The Colliery closed in 1926 and never re-opened.

Far less is known about Hope Pit, another mine which operated in Gateshead Fell (more specifically) and which is evidenced in Ordnance Survey maps up to 1919, but no such listing is evidenced in the map of 1939. This was situated in the area now known as Blue Quarries Road and Hewson Street, both of which are now residential areas, and very little documentary evidence regarding this pit survives today.

== Social conditions ==

=== Criminality ===

The Fell, and particularly the turnpike road, had, in spite of its natural beauty, earned itself a reputation as something of a haven for neer-do-wells and a place of considerable danger for those unaccustomed to it.

In 1880, the Monthly Chronicle reflected that:

“Gateshead Fell, as the name implies, was once a wild common, over a portion of which lay the road between Durham and Newcastle. The loneliness of the bleak moorland was quite guile enough to invest it with terror to travellers a hundred years ago and occasionally there were incidents that served greatly to enhance the evil repute of the locality ”

In 1770, Robert Hazlett, a highwayman, was convicted of committing two acts of highway robbery in the same night. In the first instance, he attempted to steal a watch and coins from a lady named Miss Benson. After succeeding in obtaining from the woman her coin purse, Hazlett continued along the turnpike and encountered a postman, who, despite having been forewarned by Miss Benson, was 'lured into a trap' and robbed. Hazlett was tried within one week of his arrest at the Newcastle Assizes and was convicted. He was sentenced to hang until dead. His remains were hung on chains near a pond on the Fell as a warning to other potential, would-be criminals. That pond, named Hazlett’s Pond in dubious honour of the highwayman, has since been drained and enclosed.

The Fell was also reportedly the home of minor criminal gangs. Local press reports referred often to the actions of a notorious family in the name of Clark and the actions and impact of the so-called Gateshead Fell-Bishop Auckland Gang have been scrutinised. However, the gang had ‘a tenuous identity’ and, despite "many arrests, few serious crimes were confirmed in court". It is true, however, that Walter Clark and his wife, Jane Trotter, lived on the Fell and a number of pickpockets arrested around 1780 were associated with that house. The Newcastle Chronicle reported in 1786 that one of the gang, Francis Russell, was ‘whipped around the Sandhill’. A number of other individuals were pursued for other minor acts of criminality, such as stealing geese or killing sheep. These incidents gained something of a local reputation for individuals such as Thomas Colpits, who was arrested on several occasions and found himself reported in the local press.

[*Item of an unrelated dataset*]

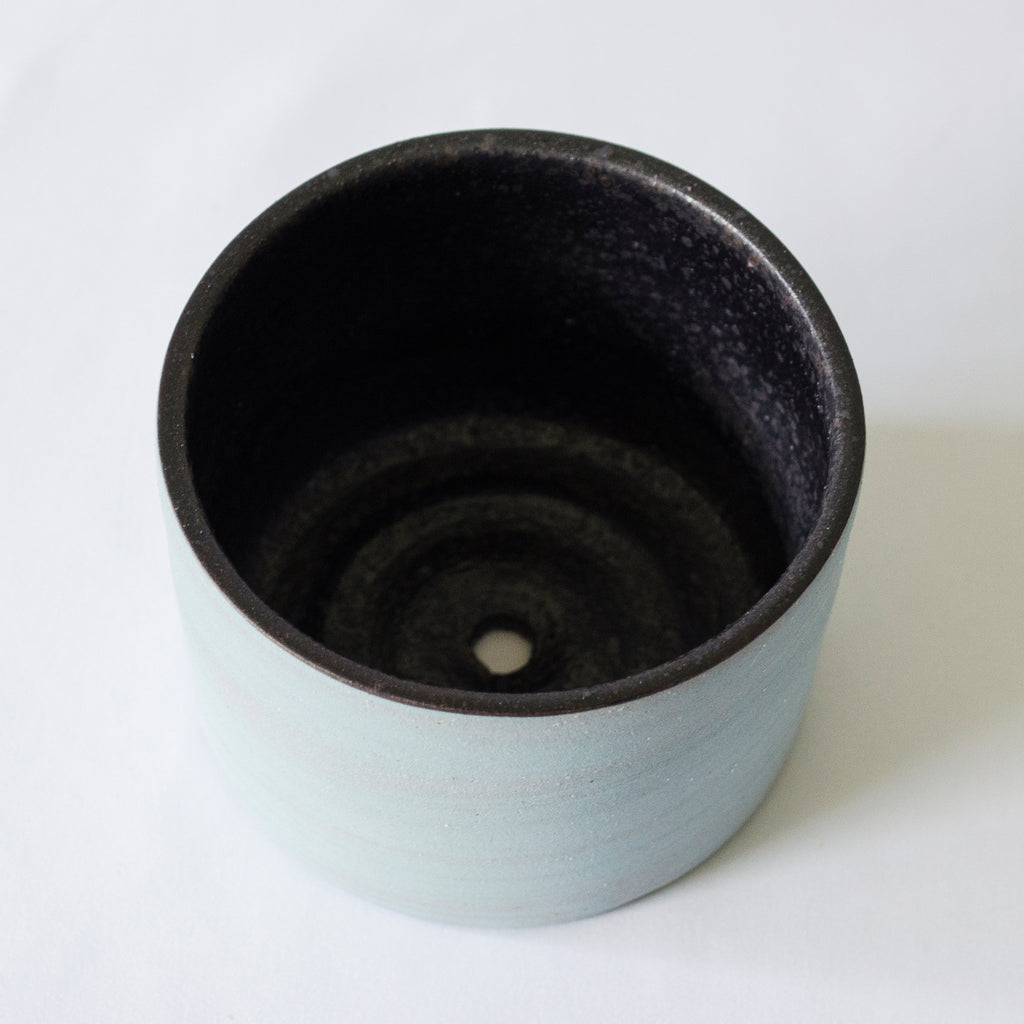 quart plant pot Quarter Size Planter Green x Gray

The modus operandi of these ‘gangs’ was that “they often changed their names and frequently rendezvous at the Crown and the Cannon at Gateshead Fell and had ware rooms for their stolen goods...” It seems likely that these acts were the sporadic acts of associated ‘tinkers’ rather than an organised gang of criminals: ‘there was no evidence of definite ringleaders or organisation’.

=== Religion ===

Gateshead Fell was once one of the strongest seats of Methodism in the whole of England. This is due almost entirely to the visit of John Wesley, the joint founder of the Methodist movement, in March 1743. It is said that he was returning from Pelton to Newcastle when "...he observed a little village called Chowden [now Chowdene], which they told me consisted of colliers only. I resolved to preach there as soon as possible, for these are sinners and need repentance." He duly returned on 8 March 1743, was moved by the amazement of the local children (who he described as "neither clothed or naked" to his presence and duly began his preachings. In doing so, Wesley ensured that Methodism was bourne on the Fell. Curiously, the Gateshead Fell movement quickly disassociated itself from the Newcastle circuit and formed itself into a strong, separate existence so that by 1840, well attended Wesleyan services were being held in Carr Hill, Low Fell and in Sheriff Hill

== Demise==

=== Boundary disputes ===

Gateshead Fell has been described as 'uninhabitable waste' which made the frequent boundary disputes somewhat perplexing. In 1595, for example, when commissioners riding on behalf of the Bishop of Durham rode along the boundary they were harangued by local residents and then confronted by the primary local landowners, William Gascoigne and John Hedworth, who rode on horseback in a fury to confront the transgressors and threatened death by rapier upon all of them. The commissioners evidently believed them, and duly fled.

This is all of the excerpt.